Is there a culprit for these trends? Finger-pointing abounds, but I believe the root cause is leaders practicing short-termism.
In the 1980s and 1990s, America looked up to business leaders who created growing companies, dominated world markets, and employed millions in well-paying jobs. Today’s business leaders are so poorly trusted that they rank near the bottom of every poll.
Looking back at the last decade, it’s not hard to see why. The 2000s began with the Enron scandal and ended with global financial market meltdowns. In between, we were treated to the mischief of Bernie Ebbers of WorldCom, Richard Scrushy of Health South, Dennis Koslowski of Tyco, and the infamous Bernie Madoff, all of whom have joined Enron’s Jeff Skilling behind prison bars.
The leadership issues go much deeper than a few high-level crooks tossed in the clinker. As I wrote in Authentic Leadership, capitalism became the victim of its own success. In the early part of the decade, hundreds of corporations restated their revenues and earnings as their leaders were exposed for accounting manipulations that hyped stock prices to maximize shareholder value. In the process many formerly great companies like General Motors, the original AT&T, Sears, and K-Mart were destroyed.
Following the 2003 passage of Sarbanes-Oxley, many corporations cleaned up their acts. They replaced their CEOs with new leaders who have a long-term perspective on serving customers and building shareholder value.
Unfortunately, many Wall Street leaders never got the message. They continued to play the short-term game with excessive risk-taking and leverage. In the infamous words of Citigroup’s Chuck Prince: “As long as the music is playing, you’ve got to get up and dance. We’re still dancing.” In 2008 the boomerang Wall Street threw at the corporate world came back and hit it in the head, knocking out Lehman Brothers, AIG, Bear Stearns, Fannie Mae, and Citi, just to name a few.
In the 20th century, the United States became the world’s dominant economy thanks to leaders like Ford’s Henry Ford, General Motors’ Alfred P. Sloan, IBM’s Thomas Watson, General Electric’s Jack Welch, and Hewlett-Packard’s Dave Packard and Bill Hewlett. In recent years it was sustained by the dynamism of entrepreneurs like Microsoft’s Bill Gates, Intel’s Gordon Moore and Andy Grove, Apple’s Steve Jobs, Wal-Mart’s Sam Walton, and Starbucks’ Howard Schultz.
All of these leaders – and many more like them – believed their task was to build great corporate institutions that could dominate world markets by serving their customers with innovative products and superior services. But many people bought into Milton Friedman’s view that the purpose of the corporation is to maximize shareholder value. They were handsomely rewarded for delivering short-term results, but their collective behavior led to the destruction of long-term shareholder value, and in many cases their institutions as well.

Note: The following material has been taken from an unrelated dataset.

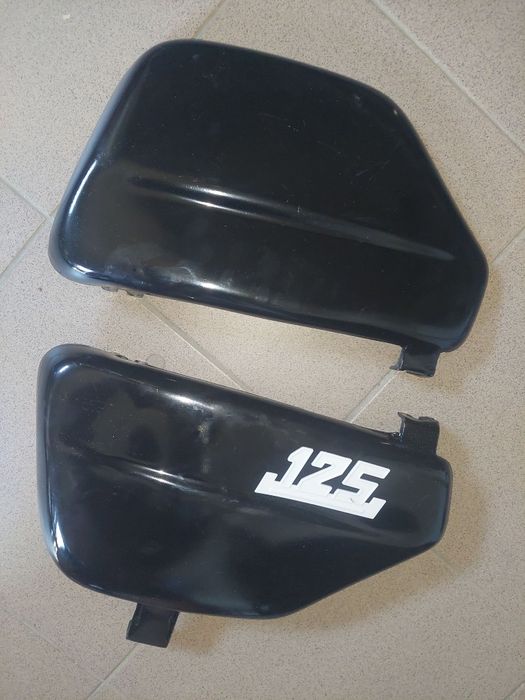 Oslony boczne boczki rama wsk125 m06 b3 jednoramowa kpl znaczek logo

What’s ahead for the next decade? Often a severe crisis is required to lay the groundwork for a major transformation in leadership. That’s exactly what is happening now. A new generation of corporate leaders is stepping forward that recognizes their responsibilities go well beyond enriching their shareholders and themselves. These new leaders recognize their corporations are chartered to serve society by creating value for their customers, sustainable jobs, and lasting value for their owners.
These new leaders face the challenge of building their corporations while at the same time rebuilding America’s dominance of the world economy. Rather than criticizing them, we should get behind their efforts.